That's one of the anticipated uses for SSDs in next-gen consoles. Some of that is data persistence and some is just drawing overhead though. eg. You have to have dead bodies disappear because even if you have enough RAM to store them (and you do; they're just a few numbers to indicate where a copy of an object is to be placed), eventually you can't render that many piled up bodies fast enough, and can't compute the physics needed to clamber over them all.

Expect improvements in some games, but also expect for game-play/logistics reasons that there'll still be unnatural behaviours in games like disappearing things.
 
What's the size of pages in sony's ssd? I don't think we know. Often minimum page size on ssd is quite large.
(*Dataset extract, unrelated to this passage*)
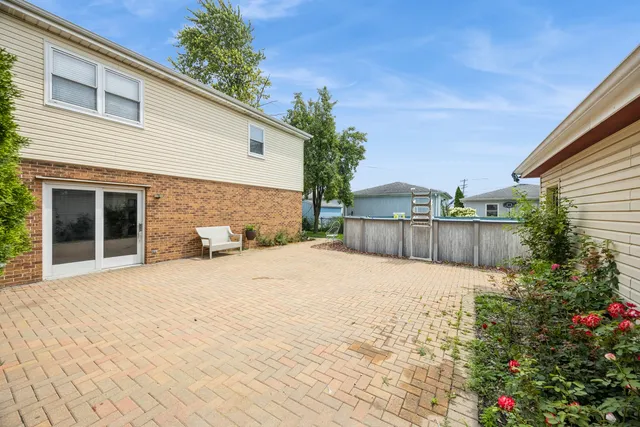 $479,900 | 6614 Kane Avenue, Hodgkins, IL 60525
Could be the flash pages are 256kB or even 512kB. The optane argument really is valid for small pages as ssd's do have overhead on the minimum read size and optane can read storage like ram. That's also the same reason why trim was invented and early ssd drives could hitch when disk starts to be full(ish). There would be free space on disk but no free blocks. Drive would on writes then have to read many blocks that are not completely full, rearrange data and write back. Trim does this behind the scenes.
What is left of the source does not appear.